• [Problem details]
From the records below, output exactly the lines starting at the line with "VirtuGro 8PCS Assemblato" and ending at the line with "M Jeans Maurices", both of them included, but no pictures.

• [Input material]
□ □ □ □ □

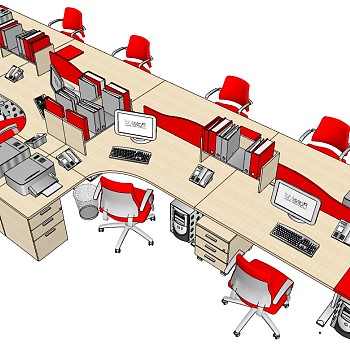 现代办公桌椅员工工位 (33)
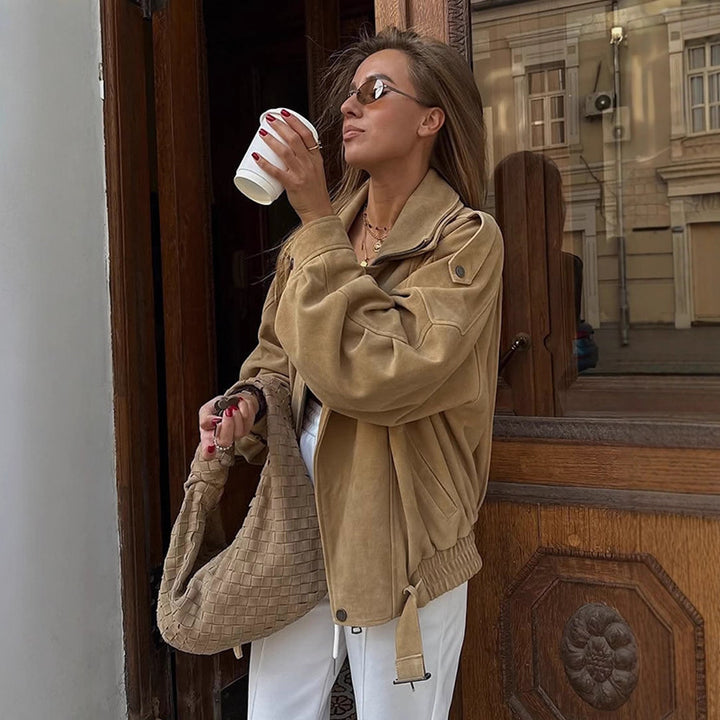 Women's Oversized Suede Leather Bomber Jacket with Epaulettes and Adjustable Waist Amarae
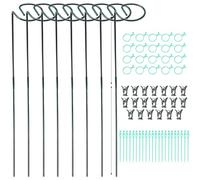 VirtuGro 8PCS Assemblato Supporto per Piante da Interno 60cm Supporto Piante Interno Metallico Tutore per Piante Pali di Supporto per Piante Con Anelli di Fissaggio Multipl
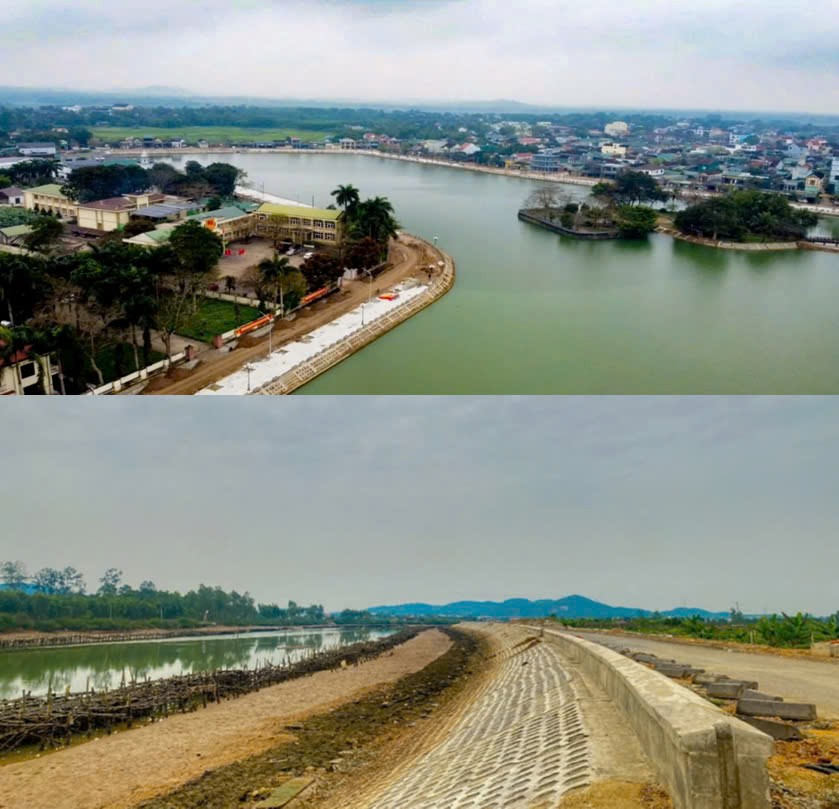 Ảnh chụp tại hồ Bình Sơn, huyện Hương Khê, tỉnh Hà Tĩnh sau khi được cải tạo và Bờ kè sông Thị Xã Hoàng Mai, tỉnh Nghệ An Ảnh chụp tại hồ Bình Sơn, huyện Hương Khê, tỉnh Hà Tĩnh sau khi được cải tạo và Bờ kè sông Thị Xã Hoàng Mai, tỉnh Nghệ An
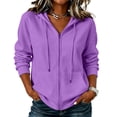 thumbnail image 2 of WULMLEO Zip Up Hoodie for Women Oversized Zip Up Y2K Hoodies Casual Long Sleeve Sweatshirts Fall Spring Track Jackets 2026 Purple Polyester, 2 of 6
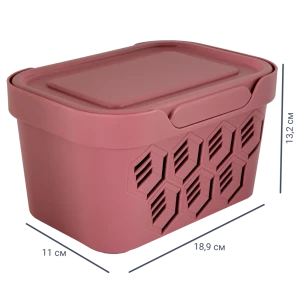 Ящик DELUXE с крышкой 19x13x11 см 1.9 л пластик цвет розовый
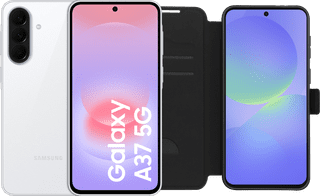 Samsung Galaxy A37 256GB Weiß 5G + BlueBuilt Book Case Schwarz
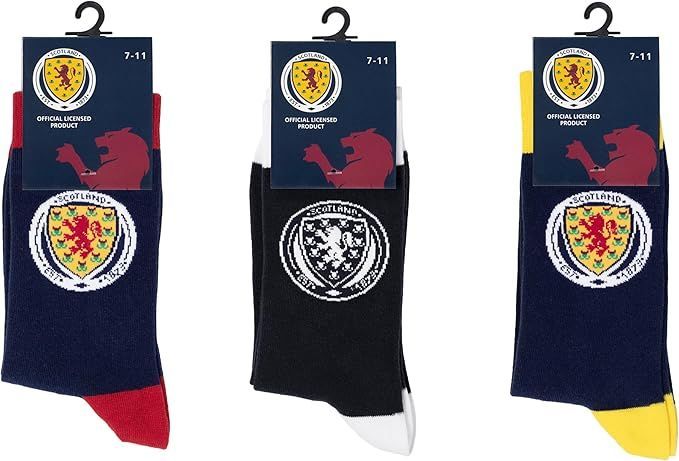 The Gift Scholars Official Licensed Scotland National Team FA 3-Pack Football Socks, Contains - Navy with Red, Yellow & White Trim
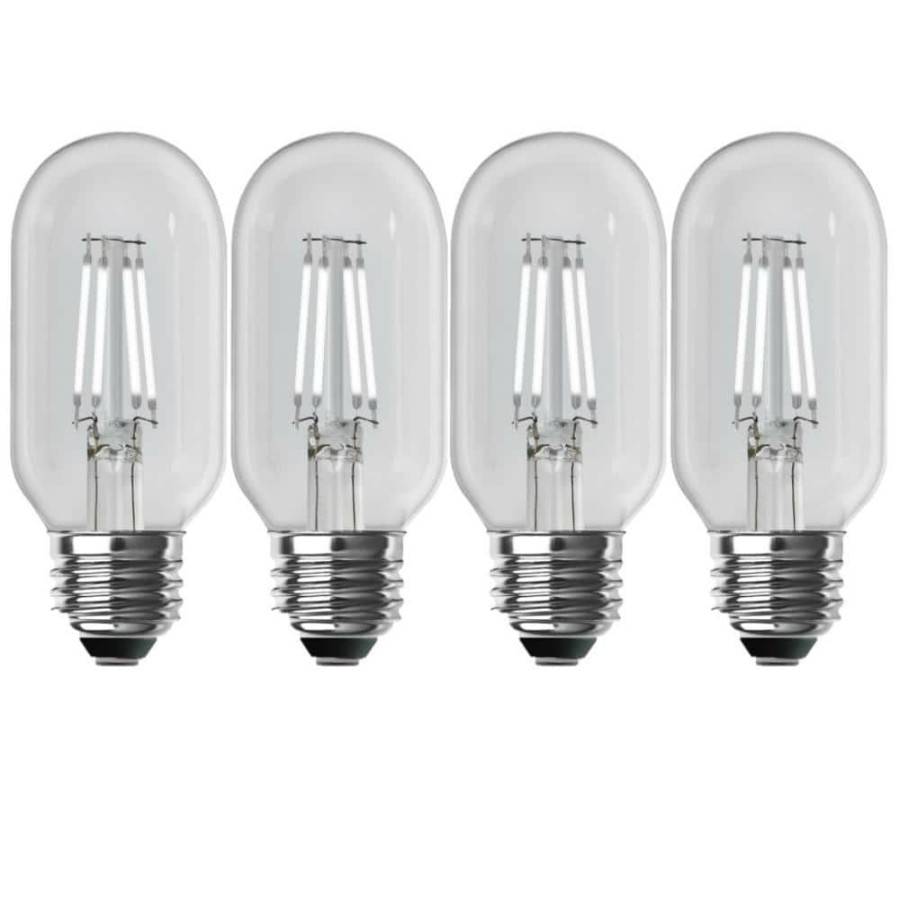 Light Bulbs * | 40-Watt Equivalent T14 Dimmable Straight Filament Clear Glass Vintage Edison Led Light Bulb, Daylight (4-Pack) By Feit Electric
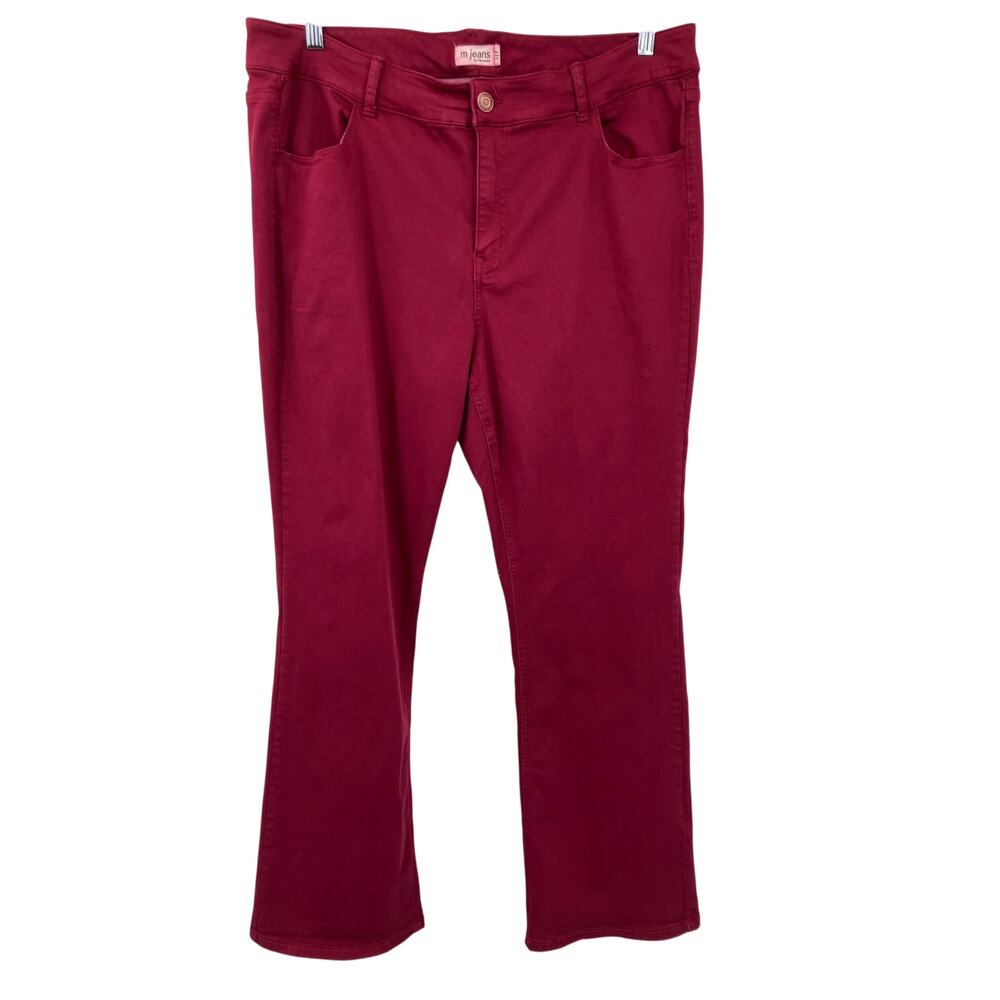 M Jeans Maurices Wine Red Maroon Slim Boot High Rise Zip Button Pockets Bootcut
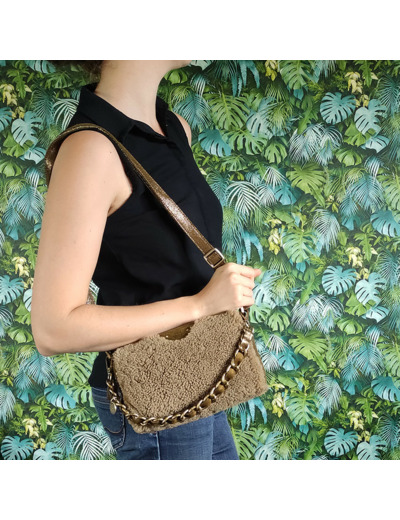 Mila Louise Mama T Sac Trotteur Cuir irisé et mouton Kiwi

□ □ □ □ □

• [Solution below]
 VirtuGro 8PCS Assemblato Supporto per Piante da Interno 60cm Supporto Piante Interno Metallico Tutore per Piante Pali di Supporto per Piante Con Anelli di Fissaggio Multipl
 Ảnh chụp tại hồ Bình Sơn, huyện Hương Khê, tỉnh Hà Tĩnh sau khi được cải tạo và Bờ kè sông Thị Xã Hoàng Mai, tỉnh Nghệ An Ảnh chụp tại hồ Bình Sơn, huyện Hương Khê, tỉnh Hà Tĩnh sau khi được cải tạo và Bờ kè sông Thị Xã Hoàng Mai, tỉnh Nghệ An
 thumbnail image 2 of WULMLEO Zip Up Hoodie for Women Oversized Zip Up Y2K Hoodies Casual Long Sleeve Sweatshirts Fall Spring Track Jackets 2026 Purple Polyester, 2 of 6
 Ящик DELUXE с крышкой 19x13x11 см 1.9 л пластик цвет розовый
 Samsung Galaxy A37 256GB Weiß 5G + BlueBuilt Book Case Schwarz
 The Gift Scholars Official Licensed Scotland National Team FA 3-Pack Football Socks, Contains - Navy with Red, Yellow & White Trim
 Light Bulbs * | 40-Watt Equivalent T14 Dimmable Straight Filament Clear Glass Vintage Edison Led Light Bulb, Daylight (4-Pack) By Feit Electric
 M Jeans Maurices Wine Red Maroon Slim Boot High Rise Zip Button Pockets Bootcut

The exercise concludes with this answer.